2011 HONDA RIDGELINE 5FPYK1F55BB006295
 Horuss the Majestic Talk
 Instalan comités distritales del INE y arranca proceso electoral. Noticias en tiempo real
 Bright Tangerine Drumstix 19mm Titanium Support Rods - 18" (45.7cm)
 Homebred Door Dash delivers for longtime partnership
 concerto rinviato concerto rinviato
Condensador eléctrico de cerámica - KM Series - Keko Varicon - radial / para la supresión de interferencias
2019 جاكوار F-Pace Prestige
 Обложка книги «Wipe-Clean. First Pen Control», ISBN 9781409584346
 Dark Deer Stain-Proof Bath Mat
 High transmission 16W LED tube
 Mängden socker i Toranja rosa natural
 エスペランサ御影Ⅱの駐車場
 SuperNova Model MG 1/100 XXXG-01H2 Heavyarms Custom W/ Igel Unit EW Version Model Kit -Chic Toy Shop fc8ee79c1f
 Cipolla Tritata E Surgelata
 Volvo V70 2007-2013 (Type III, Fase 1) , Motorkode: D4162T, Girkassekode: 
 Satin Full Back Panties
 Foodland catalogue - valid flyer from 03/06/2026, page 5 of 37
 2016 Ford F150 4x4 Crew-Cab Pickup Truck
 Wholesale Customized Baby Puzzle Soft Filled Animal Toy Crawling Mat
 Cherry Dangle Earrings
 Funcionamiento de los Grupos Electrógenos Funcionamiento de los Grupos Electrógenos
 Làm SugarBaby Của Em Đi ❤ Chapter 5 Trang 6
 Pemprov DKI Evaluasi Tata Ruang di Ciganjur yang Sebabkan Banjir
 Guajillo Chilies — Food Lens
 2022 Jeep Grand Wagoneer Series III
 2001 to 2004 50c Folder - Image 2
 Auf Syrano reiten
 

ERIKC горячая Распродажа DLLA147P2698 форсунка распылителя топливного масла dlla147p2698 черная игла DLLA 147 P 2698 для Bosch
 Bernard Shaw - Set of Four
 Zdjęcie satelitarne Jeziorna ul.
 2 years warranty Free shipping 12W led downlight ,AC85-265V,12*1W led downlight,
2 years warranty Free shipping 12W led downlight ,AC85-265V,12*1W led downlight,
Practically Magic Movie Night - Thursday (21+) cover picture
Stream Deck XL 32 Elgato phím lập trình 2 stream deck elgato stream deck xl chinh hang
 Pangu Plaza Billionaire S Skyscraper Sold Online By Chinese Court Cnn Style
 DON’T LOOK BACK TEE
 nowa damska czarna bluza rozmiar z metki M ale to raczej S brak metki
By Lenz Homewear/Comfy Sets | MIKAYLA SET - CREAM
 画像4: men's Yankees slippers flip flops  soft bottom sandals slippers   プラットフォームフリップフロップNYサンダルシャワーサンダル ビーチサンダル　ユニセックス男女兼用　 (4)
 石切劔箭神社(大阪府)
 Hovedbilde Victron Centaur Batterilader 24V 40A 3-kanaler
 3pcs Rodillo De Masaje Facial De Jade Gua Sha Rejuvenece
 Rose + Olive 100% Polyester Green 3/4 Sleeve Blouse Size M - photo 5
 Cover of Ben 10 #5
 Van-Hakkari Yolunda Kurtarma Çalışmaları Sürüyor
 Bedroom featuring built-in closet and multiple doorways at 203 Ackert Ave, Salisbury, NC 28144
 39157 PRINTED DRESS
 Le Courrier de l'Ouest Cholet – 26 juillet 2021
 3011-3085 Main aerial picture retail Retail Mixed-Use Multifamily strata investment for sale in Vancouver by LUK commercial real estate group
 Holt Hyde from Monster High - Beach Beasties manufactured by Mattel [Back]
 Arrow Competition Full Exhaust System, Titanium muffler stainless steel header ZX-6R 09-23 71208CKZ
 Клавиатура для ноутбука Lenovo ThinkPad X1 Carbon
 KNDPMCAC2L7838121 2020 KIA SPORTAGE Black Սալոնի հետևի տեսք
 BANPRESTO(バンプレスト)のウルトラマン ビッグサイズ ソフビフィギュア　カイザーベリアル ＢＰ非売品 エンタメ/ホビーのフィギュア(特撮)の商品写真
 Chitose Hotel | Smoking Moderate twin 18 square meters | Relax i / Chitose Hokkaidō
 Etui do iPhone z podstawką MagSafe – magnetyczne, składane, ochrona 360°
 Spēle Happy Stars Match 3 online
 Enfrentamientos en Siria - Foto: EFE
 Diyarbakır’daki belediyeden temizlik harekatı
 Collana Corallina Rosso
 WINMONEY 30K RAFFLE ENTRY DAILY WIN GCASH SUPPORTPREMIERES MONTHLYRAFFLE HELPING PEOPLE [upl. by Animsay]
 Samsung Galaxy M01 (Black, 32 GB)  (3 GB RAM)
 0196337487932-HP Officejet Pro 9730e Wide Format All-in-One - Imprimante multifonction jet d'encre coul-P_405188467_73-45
------------------------------------------------------------------------
Exercise: Could you please copy the lines above exactly, beginning at the first and ending at the line that contains "concerto rinviato concerto rinviato"?

Solution to the problem:
2011 HONDA RIDGELINE 5FPYK1F55BB006295
 Horuss the Majestic Talk
 Instalan comités distritales del INE y arranca proceso electoral. Noticias en tiempo real
 Bright Tangerine Drumstix 19mm Titanium Support Rods - 18" (45.7cm)
 Homebred Door Dash delivers for longtime partnership
 concerto rinviato concerto rinviato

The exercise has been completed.